Looking down the spine of High Rock toward the south at other peaks in the Sawtooth Range of the Gifford Pinchot National Forest on a cloudy day. An amazing view of Mt. Rainier can be earned from this former Fire Lookout site on a clear day.
Sometimes we look for special places and come up a little short. After hearing about Granite Lake and several others just south of the beauty and crowds at Mt. Rainier National Park, it looked intriguing enough to investigate as a potential backpack later in the summer.
Granite Lake not only met expectations, it exceeded them.
The lake is located just two miles from a trailhead off of the 5210 road in the Gifford Pinchot National Forest near Ashford. To reach it, turn onto to FS 52 (Skate Creek Road) from Ashford. A little under two miles past Big Creek Campground, turn right onto FS 5210. Just short of a mile, veer right onto a well traveled, but unsigned road. Follow this road until there is a large pullout on the left (about seven miles). The road is washed out and there is ongoing repair just a few hundred feet short of the trailhead. Trucks with high clearance can reach the trailhead, but the sedan we were using was parked about 100 meters short of the trailhead.
The first quarter to half mile on the Tilly Creek Trail (Trail #251) is a gentle walk in the woods until Pothole Lake which is an adorable little body of water itself. The path rounds Pothole and starts to climb the ridge behind it. After crossing a creek under a modest set of falls, the trail continues switchbacking until reaching Bertha Mae Lake.
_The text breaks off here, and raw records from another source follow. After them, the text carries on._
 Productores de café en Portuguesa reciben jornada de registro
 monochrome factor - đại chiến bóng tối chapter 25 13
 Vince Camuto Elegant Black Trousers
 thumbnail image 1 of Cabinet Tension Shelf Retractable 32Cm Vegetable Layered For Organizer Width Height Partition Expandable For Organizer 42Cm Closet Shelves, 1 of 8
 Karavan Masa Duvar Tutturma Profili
Climbing this ridge is an economic payment for the scenery, beauty and opportunity just ahead.
At Bertha Mae, there is a tempting campsite available on the northwest side of the lake, but be brave and continue the 3/4 mile further to Granite Lake. There are two great campsites on the far side of the lake and a little spur trail that leads to a tremendous view of Mt. Rainier. The lake is pure, deep and surrounded by some of the high peaks of the Sawtooth Range.
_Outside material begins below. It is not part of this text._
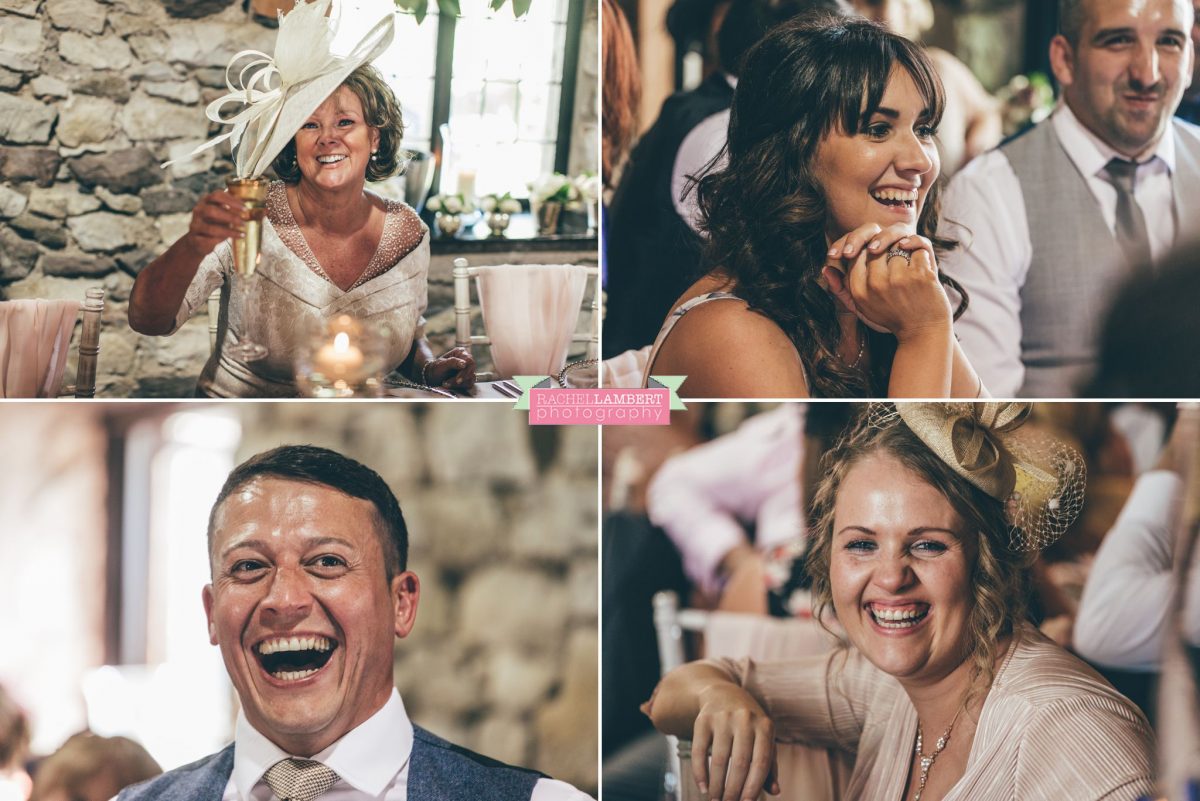 rachel lambert photography bride and groom pencoed house speeches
The area is not within a designated wilderness area, but clearly, lack of access has allowed the area to be nearly untouched by humans.
One family had made their way to camp at Granite Lake from Port Orchard. When asked how they found out about the secretive location they responded by explaining their annual routine included coming with another family from Lakewood who knew about the lake until they started coming by themselves.
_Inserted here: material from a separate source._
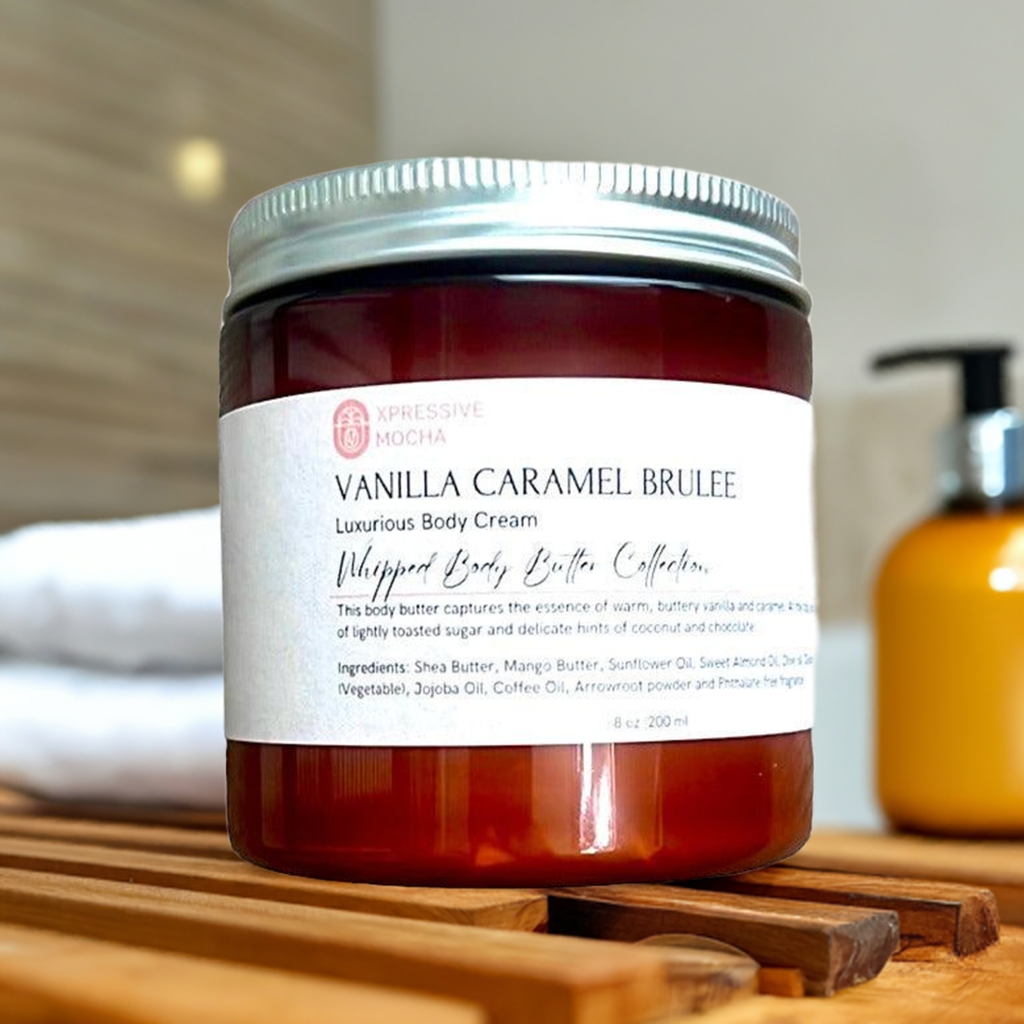 Vanilla Caramel Brulee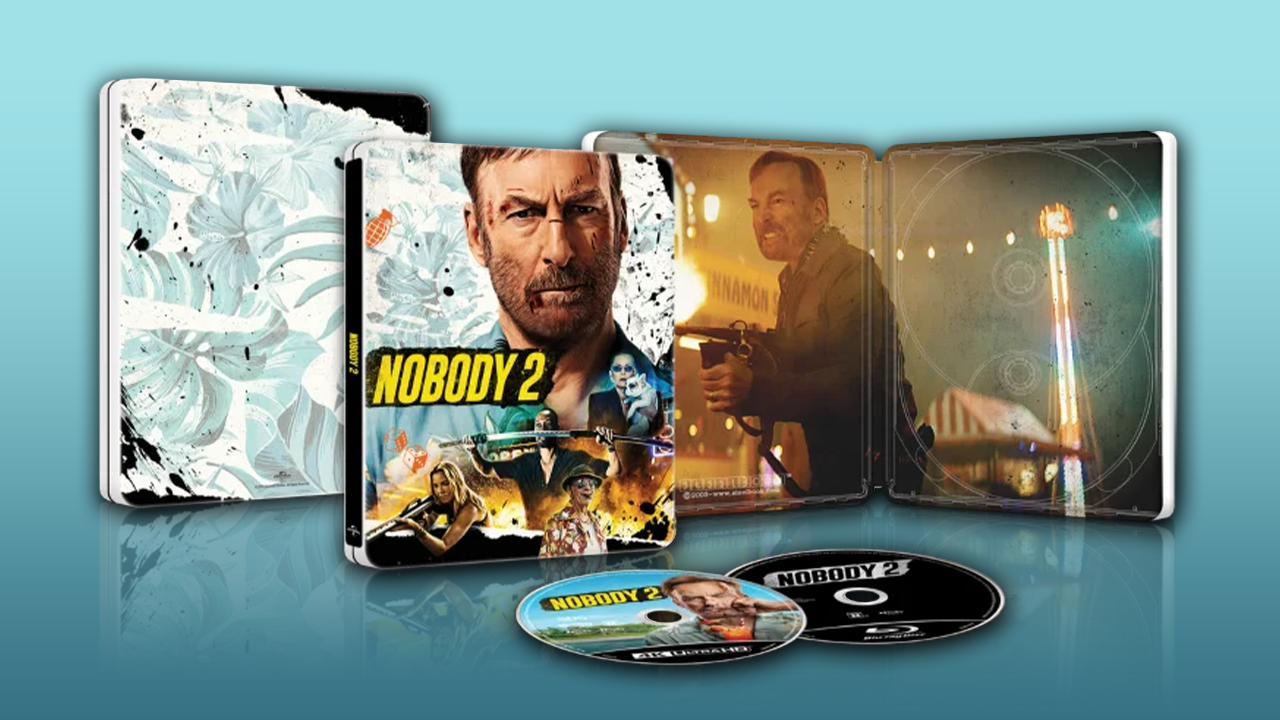 You are currently viewing Nobody 2 4K Blu-Ray Steelbook Edition Is Exclusive To Walmart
Just a few miles away by trail and many more by road is High Rock. With an elevation of 5,685 feet, the point was once prominent enough to build a fire lookout upon it. Using a 1.3 mile trail from FS 8440 road allows a visitor to climb 1,300 feet to the point which stands on the edge of a precipice with tremendous views of Mt. Rainier and the Nisqually Valley.
Unlike the remote lakes, High Rock sees many hikers, sometimes hundreds a day. On Friday, several family groups arrived during our lunchtime visit.
Anyone trying to find these locations are going have to have a lot of faith. Poor signage (probably due to theft or vandalism) makes the search for these special places a real adventure. Once the trailhead is found, however, the real enjoyment can begin!
High cliffs tower above Granite Lake in the Sawtooth Range between Randle and Ashford in Eastern Lewis County.